Şehirler nice hikayeler barındırıyor içinde. Her birimiz başka bir yanını görüyor, hayal gücümüzle tat katıyoruz hikayelere. Benimkilerde genellikle edebi kahramanlar oluyor, yazarlar, kelimelerle oynayanlar. Woody Allen'ı bu yüzden seviyorum. Köşe başı hikâye toplayıcı gibi sanki. İnsanlık hallerimizin hepsi gözler önünde. Ben çoğu zaman kendi cümlelerimi buluyorum filmlerinde. Şaşkınlık ve hayranlıkla bir binanın yüzyıllık taşları üzerinde elimi gezdiriyorum. Paris, büyüler şehri. Yıllarca önce ölümüş yazarlar bile hâlâ yaşıyor sokaklarında. Tıpkı filmdeki gibi Montmartre Sokakları'nda yürürken Lautrec'le karşılaşıyorsunuz bir hediyelikçinin vitrininde. Şu meşhur kara kedi her yerden kafasını çıkarıp size bakıyor, bazen de sırtını dikleştirerek.

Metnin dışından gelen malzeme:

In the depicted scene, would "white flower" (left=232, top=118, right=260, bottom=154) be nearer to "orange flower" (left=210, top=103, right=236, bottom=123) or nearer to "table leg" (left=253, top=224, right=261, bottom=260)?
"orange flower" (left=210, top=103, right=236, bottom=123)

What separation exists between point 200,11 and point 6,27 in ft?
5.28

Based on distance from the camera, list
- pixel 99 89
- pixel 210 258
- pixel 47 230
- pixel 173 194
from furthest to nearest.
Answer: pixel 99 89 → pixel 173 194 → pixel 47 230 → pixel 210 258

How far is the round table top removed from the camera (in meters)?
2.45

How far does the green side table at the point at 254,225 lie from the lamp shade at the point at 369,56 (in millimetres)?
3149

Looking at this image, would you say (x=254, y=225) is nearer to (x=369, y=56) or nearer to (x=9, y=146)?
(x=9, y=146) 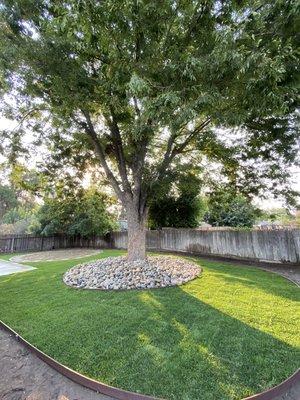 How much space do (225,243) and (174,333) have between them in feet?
22.4

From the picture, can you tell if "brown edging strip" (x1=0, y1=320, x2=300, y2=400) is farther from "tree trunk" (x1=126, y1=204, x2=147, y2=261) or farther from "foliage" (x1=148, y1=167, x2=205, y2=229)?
"foliage" (x1=148, y1=167, x2=205, y2=229)

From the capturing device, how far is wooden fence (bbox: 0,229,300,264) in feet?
26.4

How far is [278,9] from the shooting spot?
353cm

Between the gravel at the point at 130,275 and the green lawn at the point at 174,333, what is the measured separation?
1.26 ft

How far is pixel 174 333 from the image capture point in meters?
3.55

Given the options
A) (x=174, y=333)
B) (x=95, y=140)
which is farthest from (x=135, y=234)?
(x=174, y=333)

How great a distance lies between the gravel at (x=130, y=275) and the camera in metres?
5.86

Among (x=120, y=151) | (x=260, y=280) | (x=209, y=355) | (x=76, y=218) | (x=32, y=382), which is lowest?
(x=32, y=382)

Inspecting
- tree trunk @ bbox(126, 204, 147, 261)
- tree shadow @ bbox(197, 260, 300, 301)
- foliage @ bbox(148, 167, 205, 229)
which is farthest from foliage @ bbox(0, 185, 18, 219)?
tree shadow @ bbox(197, 260, 300, 301)

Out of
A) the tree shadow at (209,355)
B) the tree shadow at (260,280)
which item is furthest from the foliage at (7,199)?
the tree shadow at (209,355)

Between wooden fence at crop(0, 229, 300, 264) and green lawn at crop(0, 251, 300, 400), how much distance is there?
8.38 ft

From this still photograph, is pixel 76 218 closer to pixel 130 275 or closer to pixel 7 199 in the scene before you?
pixel 130 275

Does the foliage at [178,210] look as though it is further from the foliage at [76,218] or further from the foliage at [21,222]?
the foliage at [21,222]

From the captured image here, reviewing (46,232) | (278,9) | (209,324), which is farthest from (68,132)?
(46,232) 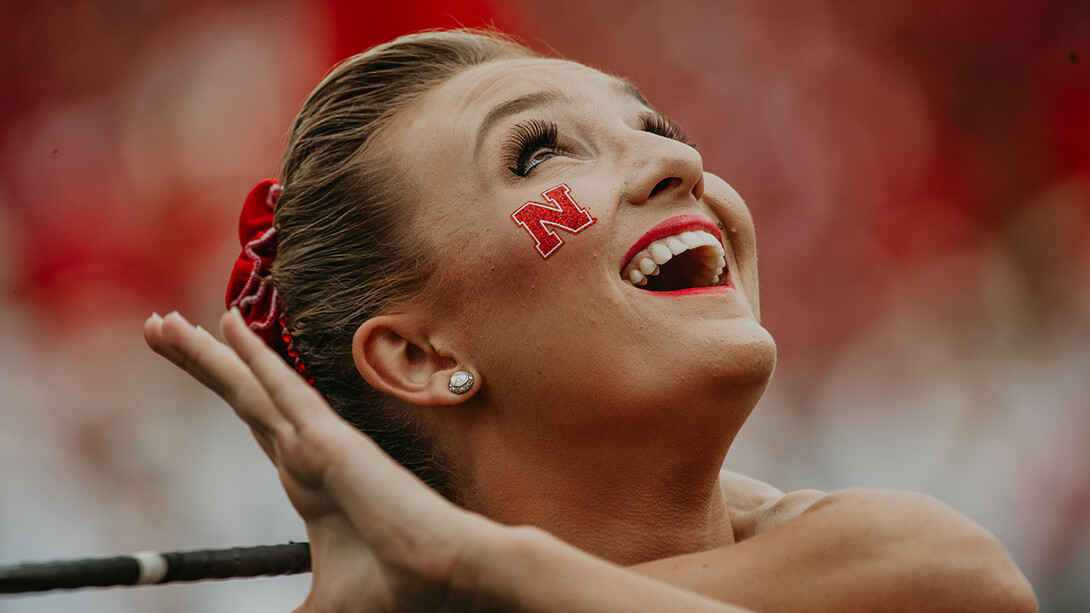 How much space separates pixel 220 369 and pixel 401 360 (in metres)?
0.49

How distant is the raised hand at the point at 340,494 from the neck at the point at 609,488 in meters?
0.40

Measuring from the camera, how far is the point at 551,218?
156 centimetres

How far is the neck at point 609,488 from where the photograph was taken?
1.56m

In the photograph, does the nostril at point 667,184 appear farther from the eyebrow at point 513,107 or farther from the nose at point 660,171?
the eyebrow at point 513,107

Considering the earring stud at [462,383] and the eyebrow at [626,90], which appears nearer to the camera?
the earring stud at [462,383]

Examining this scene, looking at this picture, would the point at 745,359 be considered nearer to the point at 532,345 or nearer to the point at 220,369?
the point at 532,345

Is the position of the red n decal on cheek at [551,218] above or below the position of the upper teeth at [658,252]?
above

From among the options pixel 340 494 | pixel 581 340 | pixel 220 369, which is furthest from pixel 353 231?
pixel 340 494

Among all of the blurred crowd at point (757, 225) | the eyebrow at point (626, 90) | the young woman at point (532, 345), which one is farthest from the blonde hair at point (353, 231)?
the blurred crowd at point (757, 225)

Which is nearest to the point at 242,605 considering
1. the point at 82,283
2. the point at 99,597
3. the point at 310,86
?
the point at 99,597

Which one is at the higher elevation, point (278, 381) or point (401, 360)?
point (278, 381)

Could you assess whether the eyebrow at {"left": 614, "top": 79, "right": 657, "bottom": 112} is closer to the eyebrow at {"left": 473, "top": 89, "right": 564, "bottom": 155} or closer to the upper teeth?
the eyebrow at {"left": 473, "top": 89, "right": 564, "bottom": 155}

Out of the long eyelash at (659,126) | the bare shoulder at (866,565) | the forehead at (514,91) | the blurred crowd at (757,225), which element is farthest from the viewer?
the blurred crowd at (757,225)

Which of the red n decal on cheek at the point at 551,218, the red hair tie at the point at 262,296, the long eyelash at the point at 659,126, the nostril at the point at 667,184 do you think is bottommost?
the red hair tie at the point at 262,296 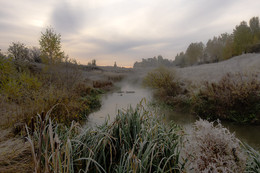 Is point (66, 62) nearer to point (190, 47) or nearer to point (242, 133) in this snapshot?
point (242, 133)

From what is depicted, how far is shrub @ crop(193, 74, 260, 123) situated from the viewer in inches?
192

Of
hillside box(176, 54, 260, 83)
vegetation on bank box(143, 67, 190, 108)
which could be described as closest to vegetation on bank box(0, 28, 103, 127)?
vegetation on bank box(143, 67, 190, 108)

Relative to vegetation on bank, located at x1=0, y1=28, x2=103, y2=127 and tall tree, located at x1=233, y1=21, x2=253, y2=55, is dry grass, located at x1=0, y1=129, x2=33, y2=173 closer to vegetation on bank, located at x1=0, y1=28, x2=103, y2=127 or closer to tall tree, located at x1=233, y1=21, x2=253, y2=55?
vegetation on bank, located at x1=0, y1=28, x2=103, y2=127

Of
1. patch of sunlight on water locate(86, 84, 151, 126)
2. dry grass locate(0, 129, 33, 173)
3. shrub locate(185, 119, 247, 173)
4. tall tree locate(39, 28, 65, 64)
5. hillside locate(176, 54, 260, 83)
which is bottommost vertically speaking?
patch of sunlight on water locate(86, 84, 151, 126)

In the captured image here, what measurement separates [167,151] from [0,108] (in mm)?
4456

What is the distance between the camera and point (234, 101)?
5082 millimetres

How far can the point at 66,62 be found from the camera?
28.8 feet

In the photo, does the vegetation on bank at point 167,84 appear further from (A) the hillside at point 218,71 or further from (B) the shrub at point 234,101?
(B) the shrub at point 234,101

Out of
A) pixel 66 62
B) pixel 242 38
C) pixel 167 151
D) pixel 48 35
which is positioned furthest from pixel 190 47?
pixel 167 151

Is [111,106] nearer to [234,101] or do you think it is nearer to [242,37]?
[234,101]

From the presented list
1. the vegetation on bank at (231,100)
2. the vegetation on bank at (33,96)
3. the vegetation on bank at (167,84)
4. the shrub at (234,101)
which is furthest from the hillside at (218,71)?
the vegetation on bank at (33,96)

Pigalle, Lautrec'in Paris'iydi. En yakın yoldaşları ressamın hayat kadınları değil miydi?
Paris sokaklarında geceyarısından sonra ne ressamlar, ne yazarlar yürüdü geçti; ellerinde şampanya kadehleriyle Paris romantizminin tadına vardılar. Nasıldır sahi şimdi Paris?

Woody Allen tüm sevdiklerimi sığdırmıştı Paris'te bir geceyarısına. Bana soracak olursanız daha çok gündüzler ve çok geceler yaşanır ışıkların şehrinde.